WASHINGTON, D.C. — U.S. Sen. Sherrod Brown (D-OH) – ranking member of the U.S. Senate Committee on Banking, Housing, and Urban Affairs – delivered the following opening statement at today’s hearing entitled “The Application of Environmental, Social, and Governance Principles in Investing and the Role of Asset Managers, Proxy Advisors, and Other Intermediaries”.   

Sen. Brown’s remarks, as prepared for delivery, follow: 

Thank you Chairman Crapo and welcome to our witnesses. 

I hope today’s hearing will allow the Committee to better understand the growth of environmental, social, and governance, or ESG, investing principles. 

Corporations have become beholden to quarterly earnings reports. One survey of financial executives from public companies found that 78 percent would sacrifice economic value of their own company just to meet financial reporting targets. 

That’s no way to grow our economy. 

Families don’t think in terms of three-month earnings quarters – they think in terms of school years, and 30-year mortgages, and years left to save for retirement. And the more corporations think about the long-term sustainability of their businesses, the better off workers, shareholders, managers, and customers will be. 

Corporations spent more than $800 billion on stock buybacks last year.[1]  

That money doesn’t end up in the pockets of the company’s workers – it goes right in the pockets of the CEOs and other corporate managers making the decision. 

Last year, for the first time in a decade, corporations spent more on their own stock than on investing in long-term capital expenditures and worker investments.[2] 

We know when companies ignore long-term risks, workers, small-time investors, and consumers all pay the price. 

Look at Wells Fargo – the company exploited its workers with unsustainable expectations to boost its stock value, while the board lavished the CEOs with pay raise after pay raise. And consumers are still paying the price. 

But it’s not just consumers – it’s bad for the company. Wells Fargo has faced scandal after scandal, fines and enforcement actions, and the worst stock performance among the biggest banks. And just last week, for the second time in two and a half years, the CEO stepped down under the cloud of the scandals.  

Study after study tell us that investors who pay attention to how companies affect workers and communities and the environment do better over time. 

But it’s not always easy to figure out which companies are thinking long-term, and which companies are only thinking about the next round of stock buybacks.

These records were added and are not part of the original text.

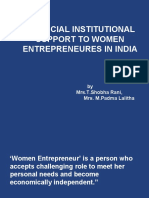 Financial Institutional Support To Women Entrepreneures in India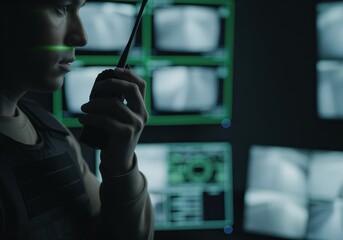 Close up of security officer using walkie talkie in dark surveillance control room.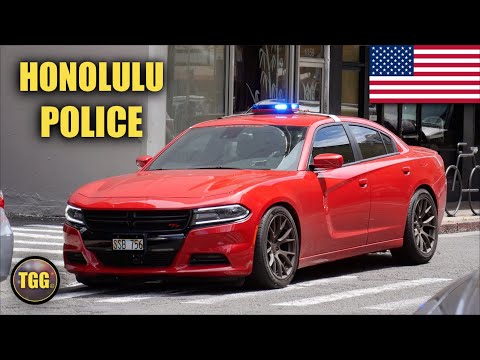 [Hawaii] Red Dodge Charger Police Car!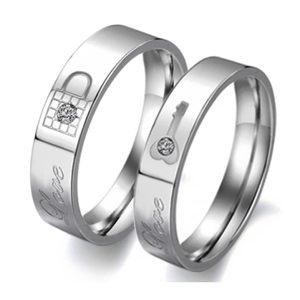 NC006 Nhẫn cặp ổ khóa chìa khóa, nhẫn đôi inox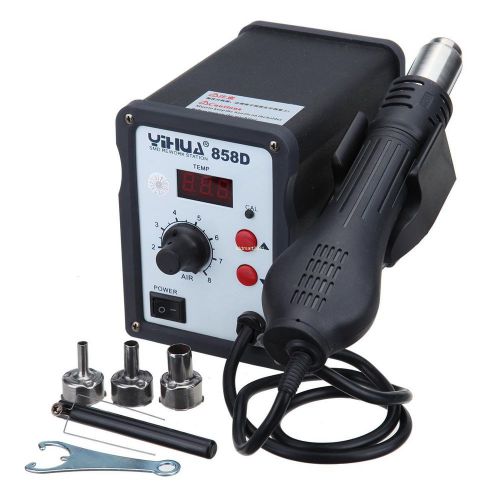 NEW 858D Hot Air Gun Rework Station SMD Solder Soldering Digital with 3 Nozzles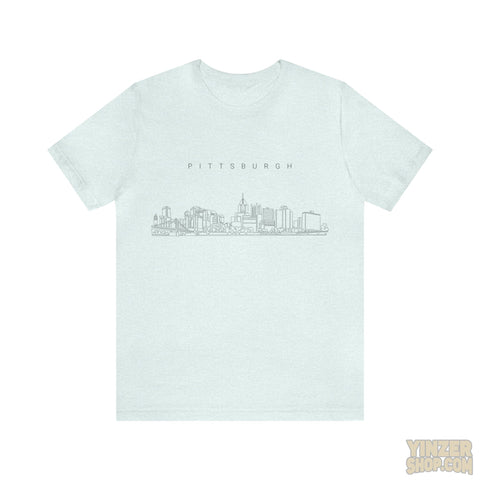 Pittsburgh One Line Drawing of Skyline T-Shirt  - Unisex bella+canvas 3001 T-Shirt Printify Heather Ice Blue S 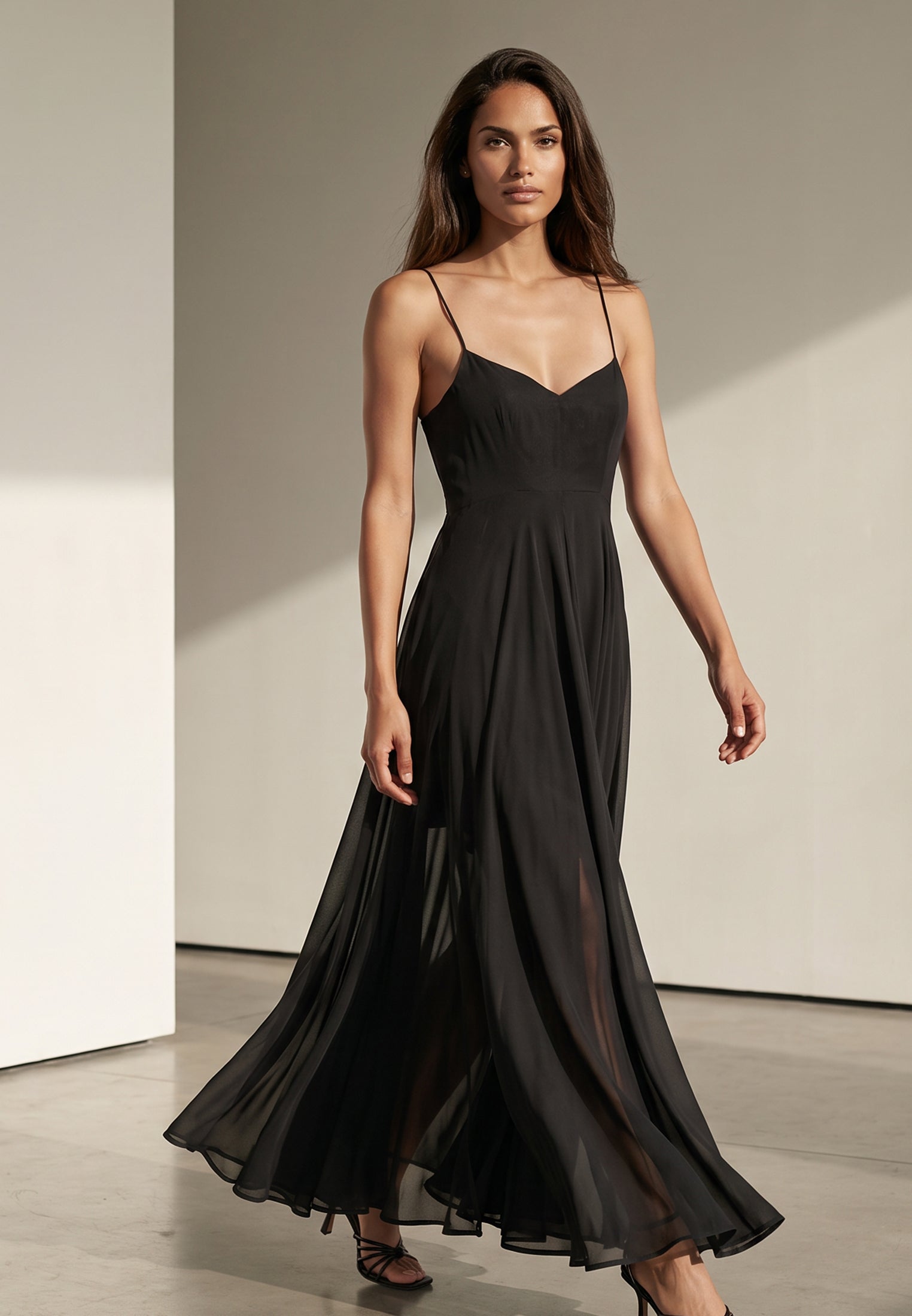 religion black dress Olsen Maxi LaDivine CD0192W Flowy Long SOLD-OUT Evening gown out logo that bring Length:36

We need to make that critical information available to the public. 

Most of the SEC’s disclosure requirements were adopted almost 40 years ago, when more than 80 percent of S&P 500 companies’ assets were fixed, like buildings and factories. Today, the numbers are flipped – more than 80 percent of S&P 500 assets are intangible—we’re talking about brand names, patents, and investments to enhance worker skills and effectiveness.  

To address that evolution, the SEC Investor Advisory Committee last Thursday recommended to the Commission that companies include new human capital management disclosures in their public filings.  

Adding human capital disclosure is just a start. Investors know there are many environmental, social, or political risks that could reduce long-term value, but companies are not providing that information.  

So the SEC should act. Enhancing and standardizing these disclosure requirements will merely bring the SEC up-to-date with other rules around the world. 

But disclosure is only one step. It’s time that companies realize that holding executives and directors accountable, respecting workers, and planning for long-term risks instead of short term payouts for CEOs is good for business. 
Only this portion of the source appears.